John A. Gibbons and James S. Carter
Recent events and the decline of the global economy have brought a raft of notices of late payments or no payments for creditors, lenders, landlords, and trade counterparties. In many instances there may be no notice at all, but rather just silence and a nonpayment. With the downturn and record number of layoffs and closures also comes the specter of further prolonged defaults and bankruptcies.
Is there insurance to protect against a nonpayment? Yes. Beyond Business Interruption / Business Income and other insurance policies that cover losses from recent events and business suspension losses, there is specific insurance designed to protect against the risk of nonpayment of a debt: Credit Insurance / Trade Credit Insurance.
What Is Credit Insurance?
Credit insurance protects those that purchase the insurance against the risk of nonpayment of an insured debt. Purchasers of credit insurance can fall within a wide array of businesses—lenders, exporters, commodity traders, product suppliers. Credit Insurance is typically used to protect a company’s own account receivables (“AR”) against the risk of nonpayment.
Credit Insurance can also provide protection for companies involved in some form of asset-based lending (“ABL”) that rely on accounts receivable as the main asset or collateral to secure the debt. For example, companies that sell products, goods, or commodities on credit, may take a collateral interest in the assets of the borrower, customer, or counterparty. Those assets will frequently be the accounts receivable of the borrower, customer, or counterparty. Credit insurance can then be purchased as an additional asset, beyond the accounts receivable or other pledged assets, to provide an additional hedge and protection against nonpayment/default.
Credit insurance pays a percentage of an unpaid debt and may include costs of efforts to recover a debt, for example, if the debtor enters into bankruptcy. The insurance can be used to protect domestic U.S. transactions as well as international trade and transactions across the globe. While there are a number of large established companies that offer “off the shelf” credit insurance products, the credit insurance market is a specialized market that can frequently provide bespoke solutions tailored to a particular portfolio of transactions or a single transaction. The participants in the credit insurance market have expressed an appetite for innovative structures that may not be as typical in other insurance transactions.

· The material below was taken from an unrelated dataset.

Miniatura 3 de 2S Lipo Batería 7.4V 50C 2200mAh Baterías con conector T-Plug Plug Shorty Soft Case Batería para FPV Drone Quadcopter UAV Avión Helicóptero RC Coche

Credit insurance policies involve very specific and particularized underwriting, and, most importantly for policyholders, can involve highly technical reporting in the event of a late payment or nonpayment, i.e., default. The reporting may include continual monitoring of the borrowing base and adherence to maximum borrowing / minimum collateral criteria that may be included in the insurance policy terms and conditions. The technical nature of reporting and other provisions requires vigilance by policyholders. Experience shows that insurers under pressure frequently seek to avoid their obligations by arguing for forfeitures of insurance on purely technical grounds.
Credit Insurers under Pressure
Just as they were during the financial crises in the mid-2000s, with the current expected downturn credit insurers are likely to face a spike in claims. Moody’s has downgraded many trade credit insurers. Public reporting also notes that trade credit insurers are already planning to scale back coverage, particularly in areas such as Italy and Spain. But that may not be the only strategy credit insurers pursue. Policyholders depending on quick claims payments may face an increasingly challenging claims environment marked by adversarial delays and denials. For a number of companies, April 1, 2020, came with numerous requests for payment extensions or forbearances.
Types of Issues Credit Insurers May Raise
A common defense of credit insurers is that the policyholder failed to disclose material information or terms when the policyholder applied for coverage. Credit transactions can be incredibly complex, making them in the eyes of insurers fertile ground for contentions that the policyholder failed to disclose material terms.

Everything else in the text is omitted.